I am not sure, without consideration, whether the phrase "a paving Clause" is a term of art. In a sense, it is a paving Clause. Paving Clauses take various forms. I was not here when Mr. Speaker gave his Ruling. Therefore, it is not competent for me to say whether he was misled. As I understand, the Schedule cannot be discussed with the new Clause, except with the consent of the whole House. Certain hon. Members have objected to that course.

Hon. Members

Two.

Mr. Deputy Speaker

An objection by only one Member is sufficient. Therefore, we are confined to a discussion of the new Clause in that context and general reference only can be made to the Schedule. It cannot be discussed in detail.

Mr. Graham Page

Further to that point of order. The new Clause refers to a Schedule with the title Credit carried forward from previous chargeable act or event". There is already a Schedule which has that title, namely, Schedule 6. If the new Clause is agreed to, we shall not be introducing a Schedule which appears on the Notice Paper later as a new Schedule. We shall be confirming Schedule 6 which is already in the Bill. What shall we then do when we reach the Amendment by which the Government seek to insert a new Schedule 6? Already during the course of this stage of the Bill we shall, if we agree to this Clause, have confirmed that Schedule 6 of the Bill as it is at present printed shall remain.

The new Clause makes no mention of the new Schedule which is set out from page 3189 of the Notice Paper onwards. The Clause makes mention of a Schedule in the Bill with a certain title. That is what we shall agree shall remain part of the Bill if we agree to this Clause. This is what makes it so impossible to discuss the Clause without discussing the new Schedule at the same time.

Mr. Peyton

Further to that point of order. You, Mr. Deputy Speaker, have said that you yourself are in some difficulty here. In that regard, vou only share the difficulty which the whole House is experiencing. I seek your advice as to what course should be adopted. Would it not be right for the sitting to be suspended or adjourned to give the Government the opportunity to think out what they mean and then explain it to the House? As hon. Members opposite have said that they do not understand what it is all about and as you, with all your experience, have felt obliged to say that we are in a difficulty, we are frustrated to a terrible extent.

Mr. Deputy Speaker

The hon. Gentleman must not interpret what I said. I did not say that I was in difficulty, except as regards answering the hon. and learned Member for Northwich (Sir J. Foster) as to whether this was correctly described as a paving Amendment. The Chair is, as always, anxious to help the House. For that reason, in the debate on the new Clause the Chair has permitted a fairly wide reference to the Schedule so that the effect of the Clause can be appreciated before the House votes upon it. Consistently with references to the new Schedule, I must adhere to the Ruling by Mr. Speaker that it would be contrary to the rules of order and inconvenient to discuss the merits or demerits of the Schedule in detail.

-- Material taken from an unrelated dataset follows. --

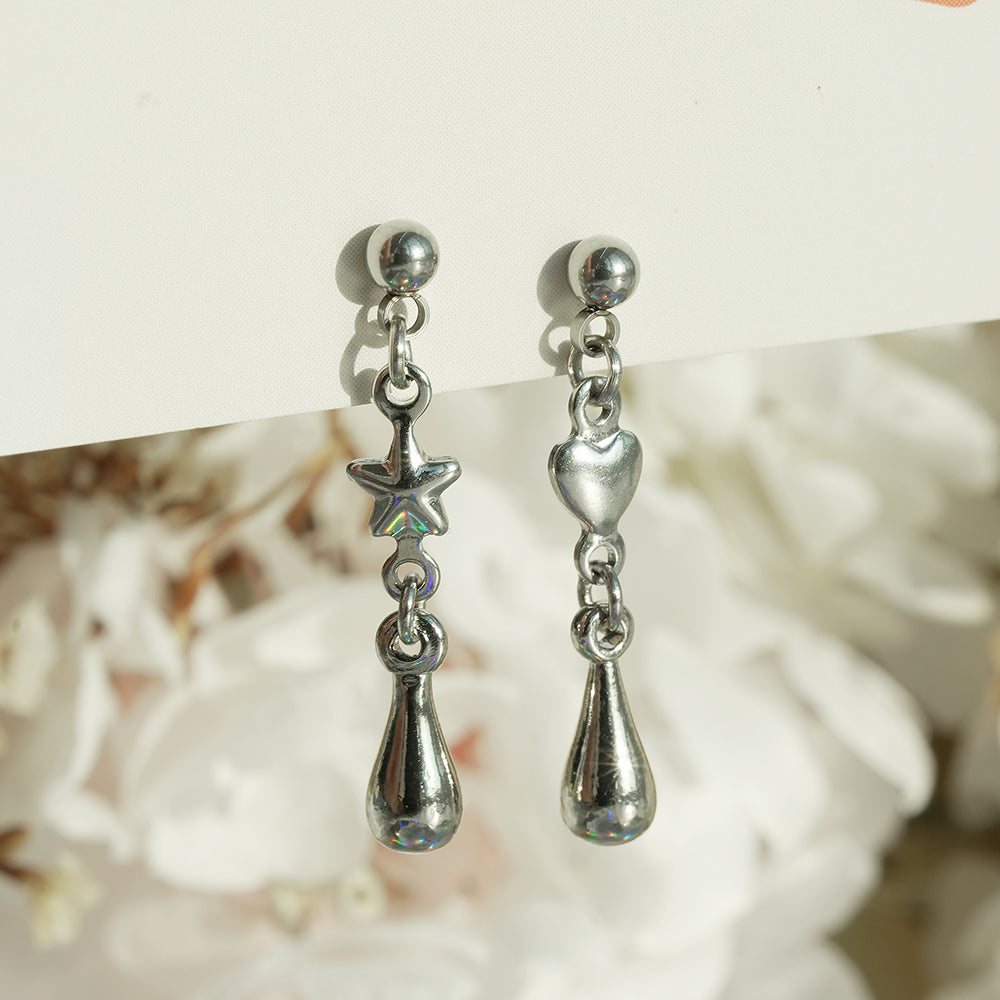 [サージカル]スター＆ハート ティアドロップピアス (2Type) 16G ボディピアス キャッチ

Mr. James Allason (Hemel Hempstead)

I am sure that the Parliamentary Secretary would not wish to mislead the House. On reading what he said I think that he will find that he suggested that the Minister had made his remark about how satisfactory Schedule 6 was on an Amendment. At the foot of col. 919 of the OFFICIAL REPORT of the proceedings in Standing Committee there is this entry: Question proposed, That the Schedule, as amended, be the Sixth Schedule to the Bill. An Amendment had previously been made. I then spoke on the Question, "That the Schedule, as amended, be the Sixth Schedule to the Bill" and said this: I congratulate the Minister on the fact that it reads so much more likely than other Schedules. In fact, in Part III, the provisions for carrying credit forward, it really becomes perfectly simple. In consequence of that, the Minister said this: As this is so clear to the hon. Gentleman, I am rot going to run any risk at all. It is going to remain as it is."—[OFFICIAL REPORT, Standing Committee E; 4th August, 1966, c. 920.] That was clearly said on the Question, "That the Schedule, as amended, be the Sixth Schedule to the Bill". I must apologise for this, because it was I who drew the Minister's attention to the fact that there was a simple part of the Bill, but the Minister had to correct it by introducing the new Schedule.

I wonder whether this will be a precedent for paving Amendments not being discussed with the Amendments to which they refer. Are we to go through the whole of Report stage merely dealing with a paving Amendment and agreeing to it and then coming to the substantive Amendment in its turn? It will be extraordinarily inconvenient if that is the way the Government intend to work. However, it is apparently the rule that it has to be a unanimous decision that a paving Amendment can be discussed with the substantive Amendment.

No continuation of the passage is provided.